RHELv4 and v5 - So slow as to be unusable.

Wed Oct 6 19:22:37 UTC 2010

The machines are both Pentium-4's, around 6 years old, 2Gb memory and IDE
disks.  Runlevel is 6 (full GUI).  No obvious errors are showing up in
/var/log/messages or in dmesg.  I have three machines in another room that
are the same model, upgraded the same way, that seem to be happy.  Those
machines are only used remotely and not generally from their consoles.

"top" says that nothing is going on although the load average is 3+.
"sar" also says that nothing is going on.

Yesterday I turned off the BIOS power management (so no disks spin down 
and
no monitors turn off and such).  I also changed the /etc/ntp.conf to more
closely match the latest ".rpmnew" version from Red Hat.  It references 
our
company's itnernal ntp servers but otherwise it is out-of-the-box from Red
Hat.  And I thought that maybe I had found something in doing that.  The
machines ran fine all the rest of the day.

Then at about 7:18pm last night both machines essentially stopped working.
I had "sar" running on the one machine dumping data every 30 seconds.
According to the sar output, at about 7:01pm last night that machine
essentially stopped having any work to do.  Disk activity went to near 
zero,
the machine went to 99.99% idle, there was network activity every once in 
a
while, the occassion hint of I/O activity but nothing else.

The user on that machine was logged in remotely and they said that at 
about
7:15pm last night the connection suddenly got so slow that they couldn't
work any more.  The other machine was not actively in use at the time
although the user was logged in and the screen locked.

This morning coming in, both machines still thought it was about 7:18pm.
The "date" was the day before at 7:18pm (give or take depending on which
machine) and the /usr/sbin/hwclock was correct about the actual time.

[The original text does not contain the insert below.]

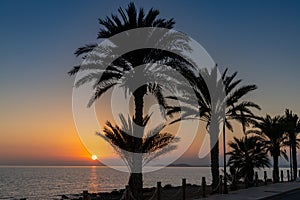 Sunset over the ocean with palm trees in silhouette and a beachfront sidewalk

As a separate problem, last evening I discovered that NFS mount points 
being
exported from all of the RHELv4 machines can be mounted by Solaris v6, v7,
v8, and v9 machines but Solaris v10 machines, both Sparc and X86 based, 
are
unable to mount the RHELv4 mount points.  And there are no errors in
/var/log/messages.  HP, SGI, and AIX machines can mount those points, but
not Solaris 10.

I may have "fixed" the RHELv5 version of the problem.  I had noticed that
netstat was reporting around 2200 TIME_WAIT sockets, nearly all for the 
NIS
or DNS servers.  I find that by setting the systcl tcp_tw_reuse flag to 1
(default is 0 on RHELv3, RHELv4, and RHELv5) that the number of sockets in
TIME_WAIT drops to what I see on other machines *and* the RHELv5 machine 
no
longer develops its version of the slowdown problem.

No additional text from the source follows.